Though I came from the United States, where we have more than enough to eat every single day and where we waste more than anyone should ever be allowed, this little girl didn’t give it a second thought. Though she is growing up in a town in Haiti where some people have homes with dirt floors, no running water and no electricity, this young girl didn’t take note. Though I didn’t look like her or speak her language, this mattered not. This precious little one cared about me, the strange woman sitting next to her who didn’t have enough plantain chips for lunch. This little girl simply cared that I got enough today.
If only we loved like this child. If only we shared out of our abundance the way this young child shared out of her meagerness. It was just a few plantain chips left in the bottom of a small bowl. But it was something more, something much, much more. It was uncommon love. Uncommon love extravagantly poured out on me through the heart and hands of a little girl in Haiti who ate lunch with me one day.
It is clear to me that our friendship with the staff and students who attend the UCNH Music Camp in Haiti is built on uncommon love. We spend about two weeks together. Who can be friends in just two weeks? Who can be friends when we only partially speak each others’ languages? Who can be friends with people from a completely different culture?
We are from the United States, the richest country in the Western Hemisphere. We are visiting Haiti, the poorest country in the Western Hemisphere. How can we be friends?
I don’t know. I can’t really explain it. Maybe it is our common love for music and our common love for Jesus that allows us to transcend all of our differences.
All I know is this, an experience of uncommon love is forever etched in my heart’s memory. I am so grateful to God and this tiny girl with the soulful brown eyes and a heart as big as the mountains of Haiti, for allowing me to experience a gift of such magnitude. A gift of such greatness. A gift I did not deserve. Out of her little, she gave.

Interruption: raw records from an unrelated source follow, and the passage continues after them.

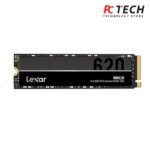 Lexar NM620 256GB M.2 2280 PCIe NVMe SSD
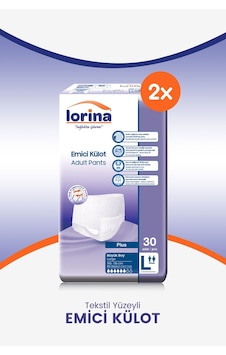 Lorina Emici Külot Bez L 60 Adet Lorina Emici Külot Bez L 60 Adet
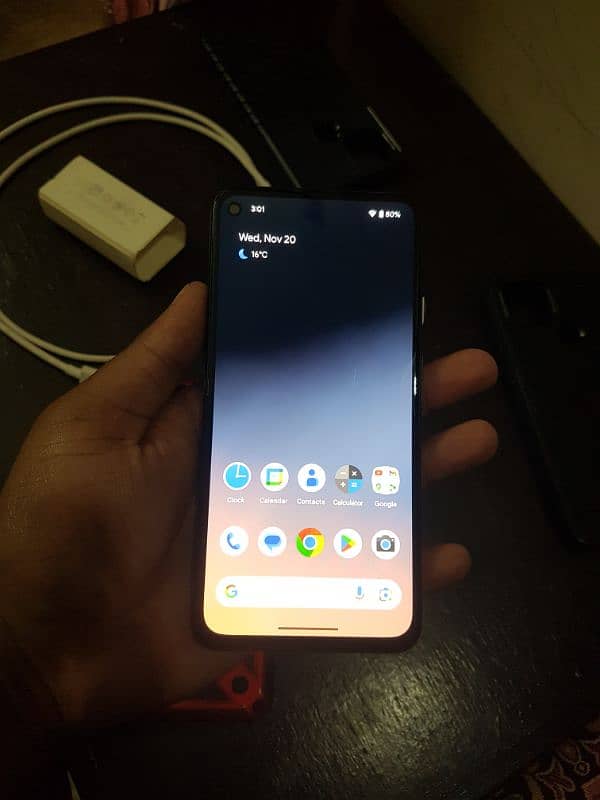 Google Pixel 4a5g Pta Approved 2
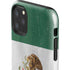 Mexico Flag Distressed iPhone 11 Pro Max Impact Case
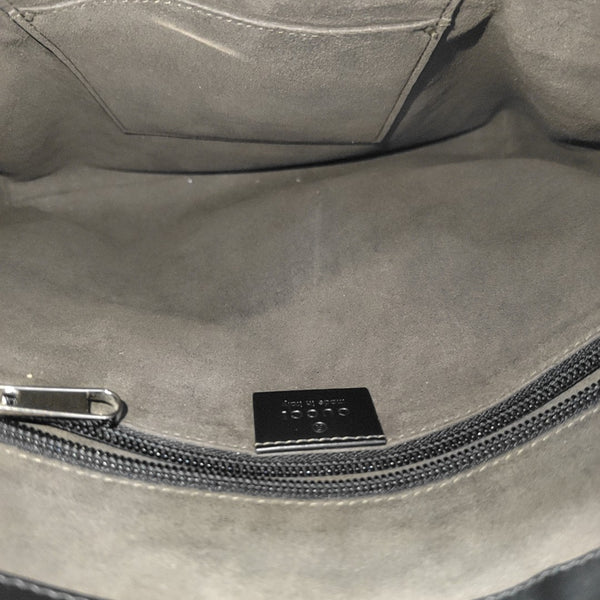 Signature Monogram Calfskin Black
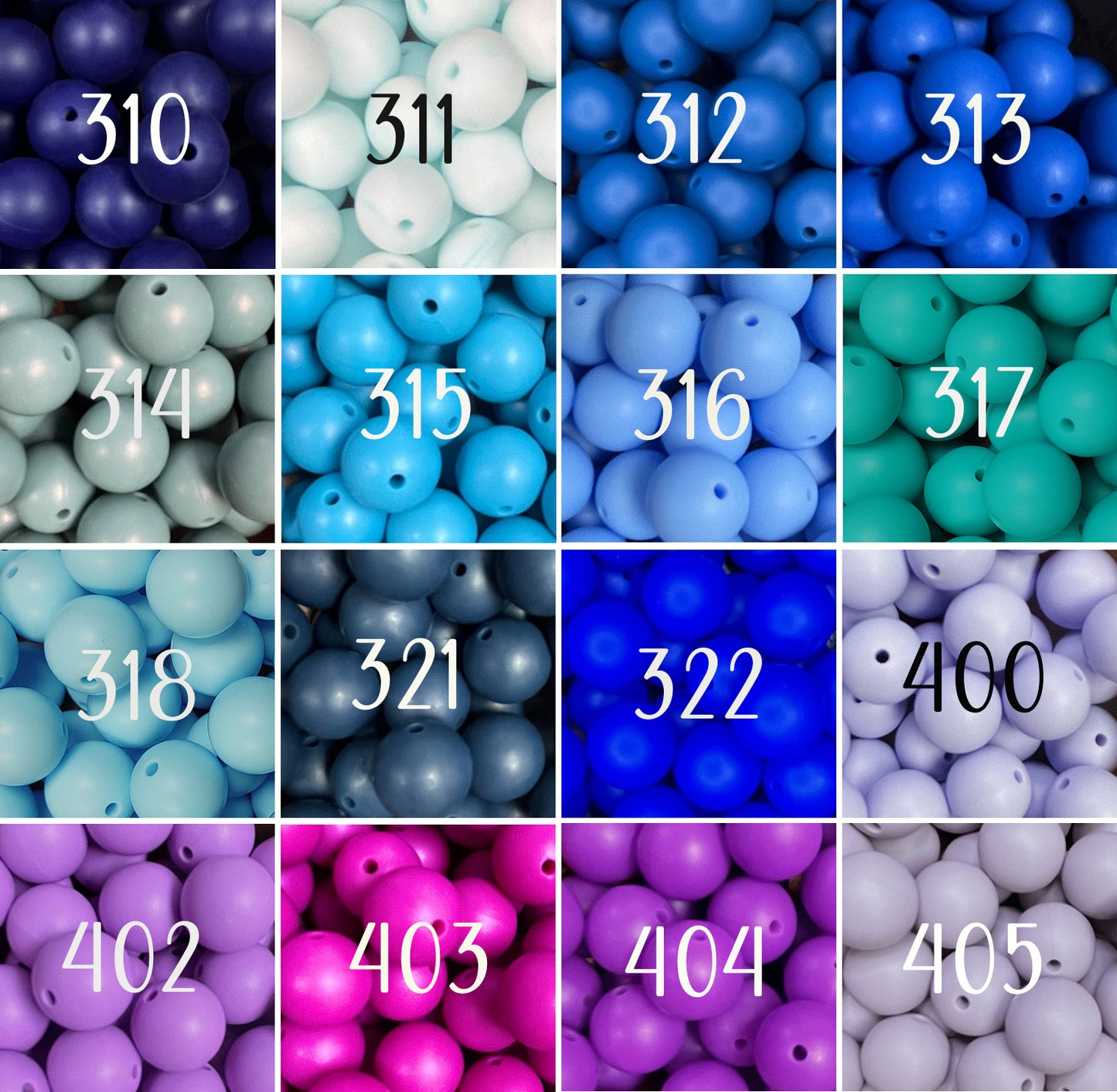 Round Silicone Beads | 12mm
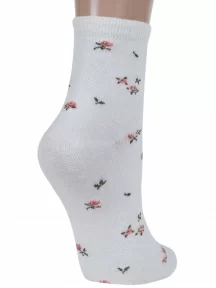 Комплект из 3 пар женских носков Гамма, 3-С780, КРЕМОВЫЕ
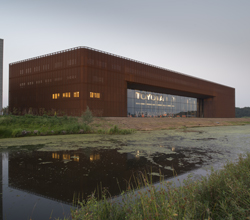 Dutch firm unites with new building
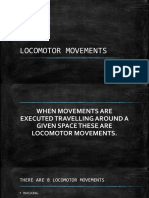 Locomotor Movements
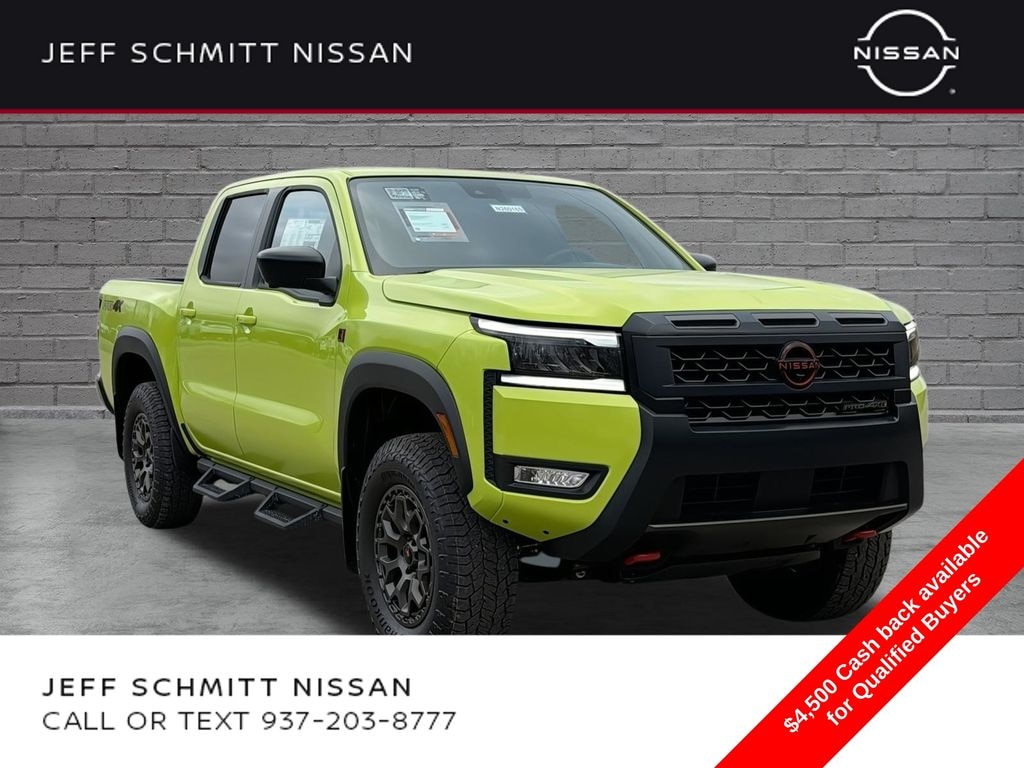 New 2026 Nissan Frontier PRO-4X w/R Package Truck Crew Cab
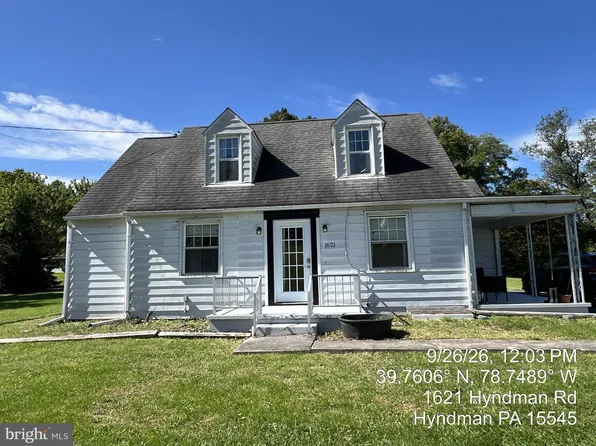 1621 Hyndman Rd, Hyndman, PA 15545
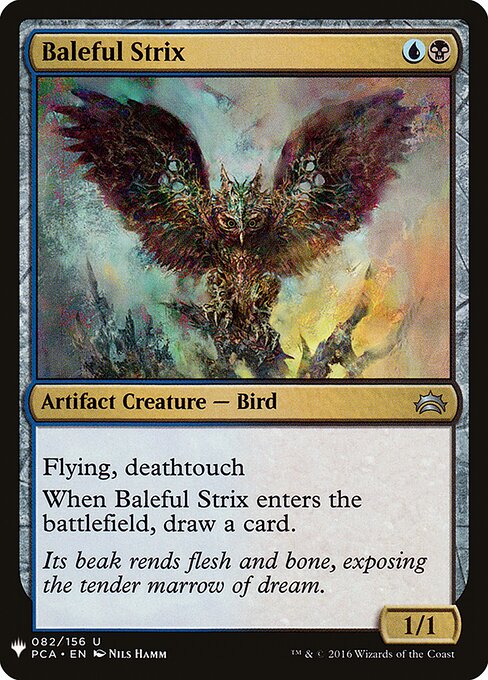 Baleful Strix (PCA-82) - The List - Game On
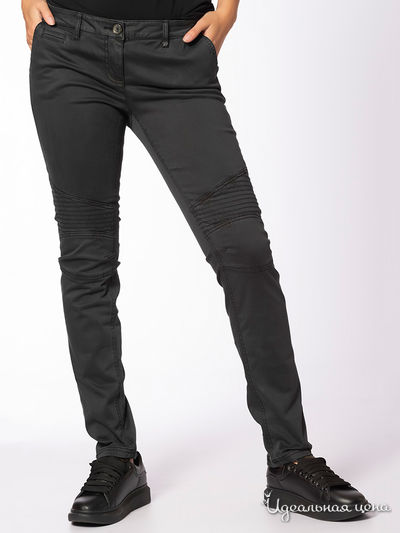 Брюки Tom Tailor, цвет темно-серый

Lord, have mercy on me.
Mark 12:41-44 NIV – Jesus sat down opposite the place where the offerings were put and watched the crowd putting their money into the temple treasury. Many rich people threw in large amounts. But a poor widow came and put in two very small copper coins, worth only a few cents. Calling his disciples to him, Jesus said, “Truly I tell you, this poor widow has put more into the treasury than all the others. They all gave out of their wealth; but she, out of her poverty, put in everything—all she had to live on.”
Matthew 19:23-30 NIV – Then Jesus said to his disciples, “Truly I tell you, it is hard for someone who is rich to enter the kingdom of heaven. Again I tell you, it is easier for a camel to go through the eye of a needle than for someone who is rich to enter the kingdom of God.” When the disciples heard this, they were greatly astonished and asked, “Who then can be saved?” Jesus looked at them and said, “With man this is impossible, but with God all things are possible.” Peter answered him, “We have left everything to follow you! What then will there be for us?” Jesus said to them, “Truly I tell you, at the renewal of all things, when the Son of Man sits on his glorious throne, you who have followed me will also sit on twelve thrones, judging the twelve tribes of Israel. And everyone who has left houses or brothers or sisters or father or mother or wife or children or fields for my sake will receive a hundred times as much and will inherit eternal life. But many who are first will be last, and many who are last will be first.